Re: Proposal for the Basis of a Codepoint Extension toUnicodefortheEncoding of the Quranic Manuscripts



Mete Kural wrote:


It still seems to me that the tanween needs to be kept intact whether there is idgham or not since the idgham is determined by the next word. Two instances of the same exact indefinite noun may or may not employ idgham based on what word follows it. If we don't keep the tanween intact, then for instance it won't be possible to search for the indefinite form of a noun and get consistent search results unless both the with idgham and without idgham forms of the words are searched. But if the tanween is kept intact then it should be possible to simply substring search for the regular no idgham form of the word and get both with idgham and without idgham instances.

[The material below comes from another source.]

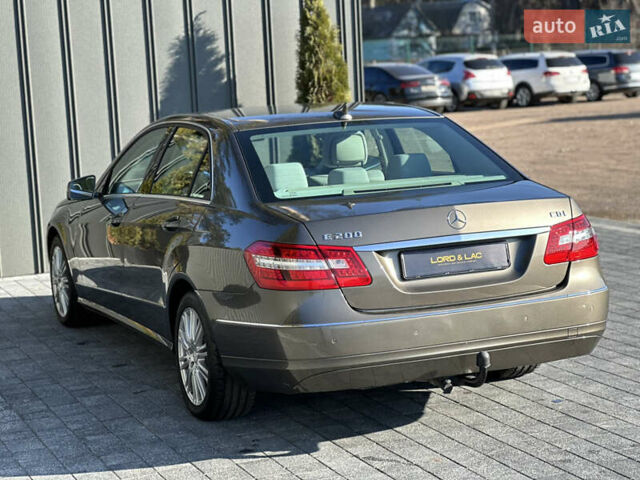 Мерседес Е-Класс 2012 в Ровно на Automoto.ua Коричневый Мерседес Е-Класс, объемом двигателя 2.2 л и пробегом 286 тыс. км за 11400 $, фото 3 на Automoto.ua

I see your logic, but I think the counter-argument is stronger:

a. It's true that idgham is determined by the following word (initial consonant), but that's a higher-level issue. The idgham mark is explicitly encoded in written text using a particular letterform (distinct from "ordinary" tanween). Therefore we want to encode it; then it becomes possible to search for idgham without any special logic in the software.

b. The interpretation of tanween as a marker of indefiniteness is also a higher-level issue. If you bring it up with the Unicode folks the defense shields will go up instantly. For an encoding design, "tanween" should only mean exactly what it says: appending a nuun phoneme in pronunciation. "tanween idgham" indicates a phonological variant of "tanween".

c. Searching for an indefiniteness marker necessarily involves looking for several different marks in printed text; machine search for <tanween> and <tanween idgham> would be no different. Personally I don't view a regex involving e.g. [aui][ρΡ%] as very troublesome. If you indicate idgham with a modifier following plain tanween, you may simplify search specifications for some purposes, but at the cost of added complexity in the software to handle idgham rendering.

-gregg